Solved

Copy or Storage Vmotion Very Slow


Badge +2

I have a 8 nodes nutanix with vSphere 7 deployed. I’ve created 2 new storage container with compression enabled and map to the nodes. 

I test to copy the file that i uploaded to the default container to the new storage container presented as NFS datastore...it was very slow. 5GB took 2hrs. 

Then i tried storage vmotion of a VM reside on the new datastore to another new datastore. A 10GB VM took 20 minutes. 

If storage vmotion from the default container to new datastore, it fails. 

icon

Best answer by swee han 4 November 2022, 04:54

View original

This topic has been closed for comments

17 replies

Userlevel 4
Badge +5

How are the networks configured? 

Badge +2

no LACP. active-standby. Previously was working fine. 

Userlevel 4
Badge +5

So if it was working fine, something is changed or broken. I would suggest you look into what is changed and look and that component to find the bottleneck. 

Userlevel 3
Badge +5

Hello @swee han 

Make sure that Nutanix VAAI plug-in is installed and enabled.

Badge +2

checked...the plugin is installed and enabled.

Userlevel 1
Badge +1

Check the MTU on the switches and the NICs and the vSwitches.  To me this feels like an MTU problem. If it’s not that, my next guess would be that it’s a routing problem. Nutanix uses 192.168.5.0/24 internally. If you are using that network outside of Nutanix that would cause problems. 

Badge +2

Another funny thing I found in the prism, the data resiliency will randomly go into the state data resiliency not possible, system is self-healing although all the CVM services are up. Click on the self-healing, and it shows the extent group is the one affected. 

Userlevel 3
Badge +5

Just for completeness, is the default container functioning properly?

Badge +2

Default container was functioning properly previously. Now even I deploy VM in default container and install os with the iso reside in the same default container also very slow. 2 hours to deploy a window vm.

Userlevel 3
Badge +5

You have to contact Nutanix Support

Badge +2

Yes, they conduct few remote session and still no clue. So now they collected the logs and escalate to their senior or Level 2 or Level 3. 

Userlevel 4
Badge +5

Looks like the network is not as is should be.
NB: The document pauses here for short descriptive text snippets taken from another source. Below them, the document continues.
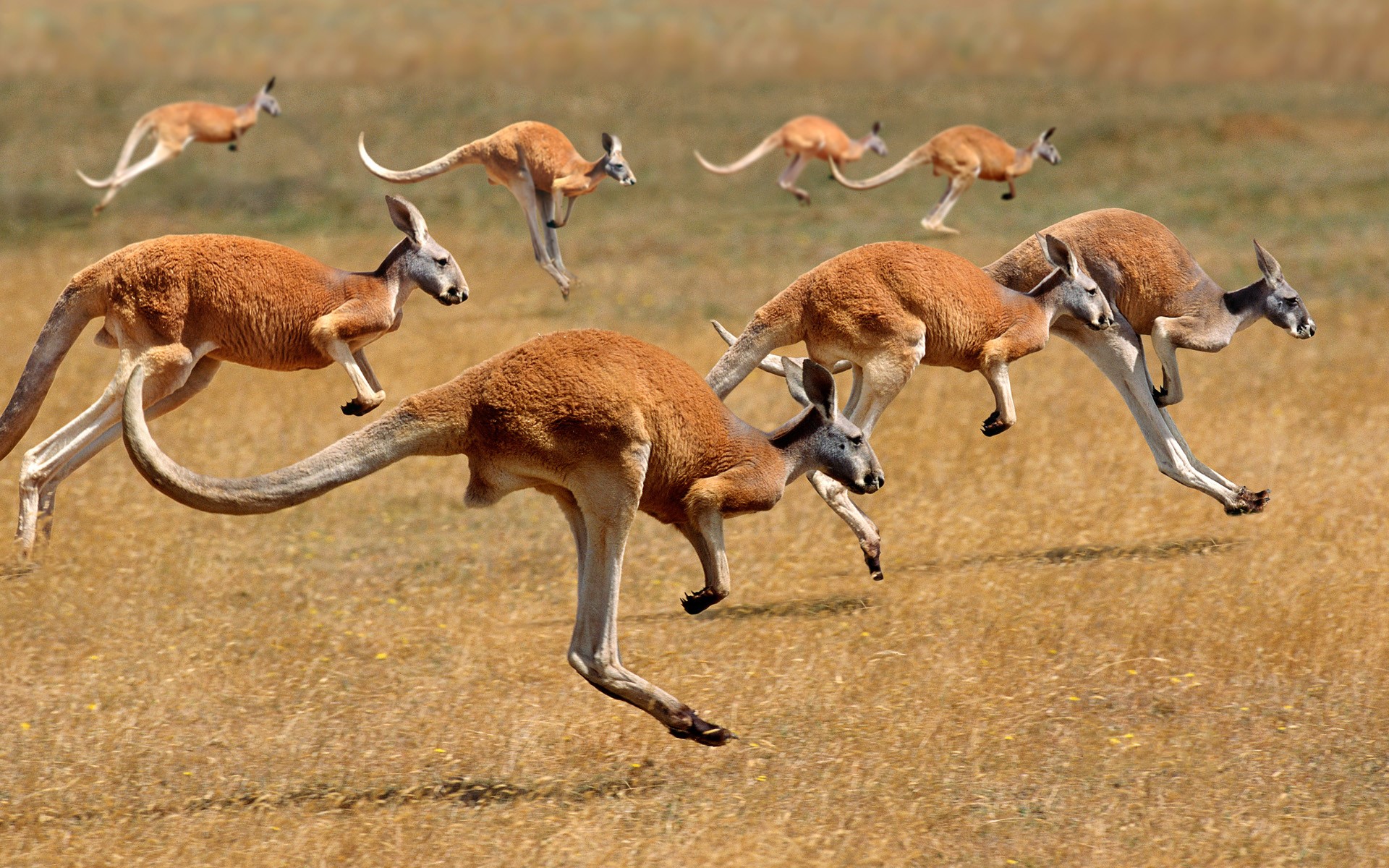 A group of kangaroos running across a dry field HD Wallpaper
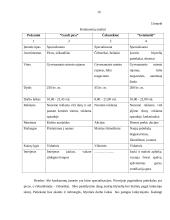 Įmonės rinkodaros planas: blyninė UAB "Grietinėlė" 10 puslapis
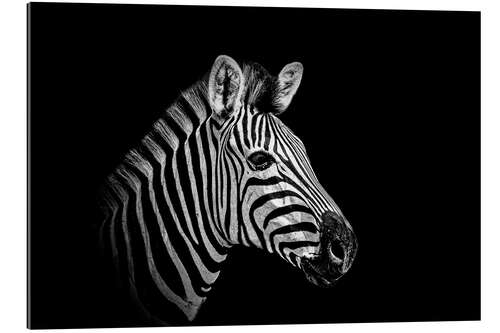 Galleritryck Zebra - close up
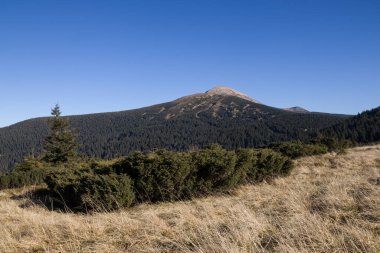Karpat dağlarında sonbahar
Are the switches (distrubuted vswitch or the srandard vswitches in vmware) changed? 

Userlevel 3
Badge +5

Can you tell us how the equipment is connected in terms of nics, switches etc.

Are you seeing alerts on Prism Element?

Can you transfer between esxi hosts directly (boot media to boot media) with speed?

Support will be best placed to help here.

What hardware is it?

Badge +2

Prism element only have warning...mostly is on the CVM ntp. The server is HPE nutanix model DX2000 with DX190R gen10. All the servers are connected to 2 x Cisco C9500. 

Userlevel 3
Badge +5

Ok cool. 

 

So if you SSH into esxi on node1 can you run df -h

We need to see if we have some local (non Nutanix) storage at hardware level so we can try to orchestrate testing without cvm/virtual storage.

 

Userlevel 2
Badge +3

Some of the points to considered:

  • Check if EVC is enable, i noticed if EVC is enable with very old generation. which may lead to slowness
  • Check if any firewall is involve if between the host. 
  • what the network connectivity. are you using 1G or 10G
Badge +2

Seems the culprit is on one of the node network connection at switch2. In the switch, that particular port has CRC errors. After disable the port, I perform testing for file copy and storage vmotion the result returns as normal. Also in the prism the data resiliency status also back to normal. Now checking which item is faulty (FC cable, network or server port, network or server transceiver).